### Data section
Content starts

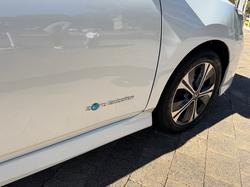 2022 Nissan LEAF ZE1
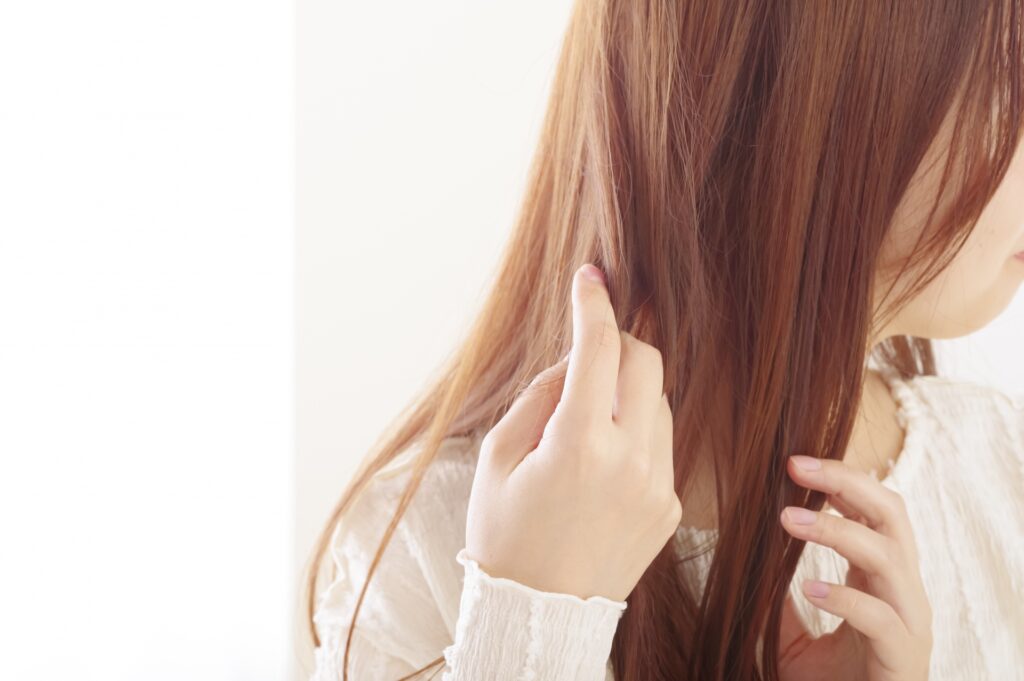 髪を洗ってないのはバレる?バレる原因やごまかす方法について紹介│美容情報サイト Beauty Web(ビューティーウェブ)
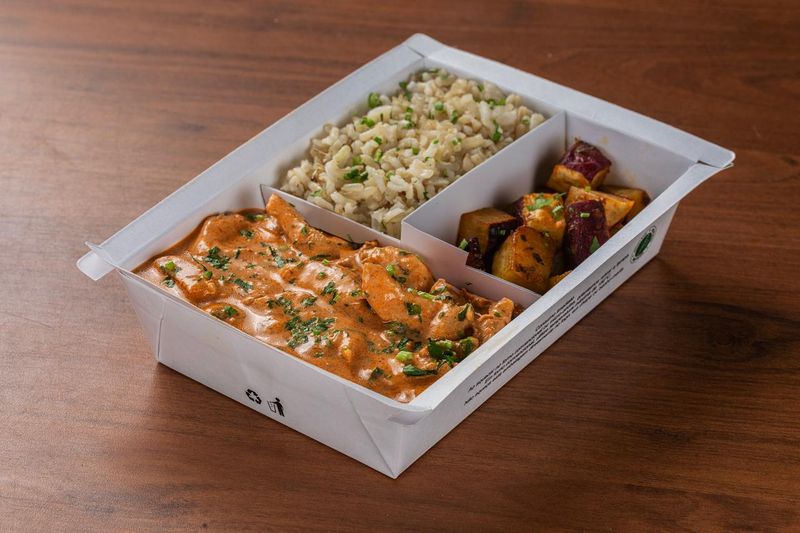 Strogonoff de frango zero lactose da Fit4You, refeição congelada pronta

Content ends

### Work task
Only the lines from the one with "髪を洗ってないのはバレる?バレる原因やごまかす方法について紹介│美容情報サイト Beauty Web(ビューティーウェブ)" through the last line above belong in the answer. Reproduce them exactly, without the pictures.

### Exercise solution
 髪を洗ってないのはバレる?バレる原因やごまかす方法について紹介│美容情報サイト Beauty Web(ビューティーウェブ)
 Strogonoff de frango zero lactose da Fit4You, refeição congelada pronta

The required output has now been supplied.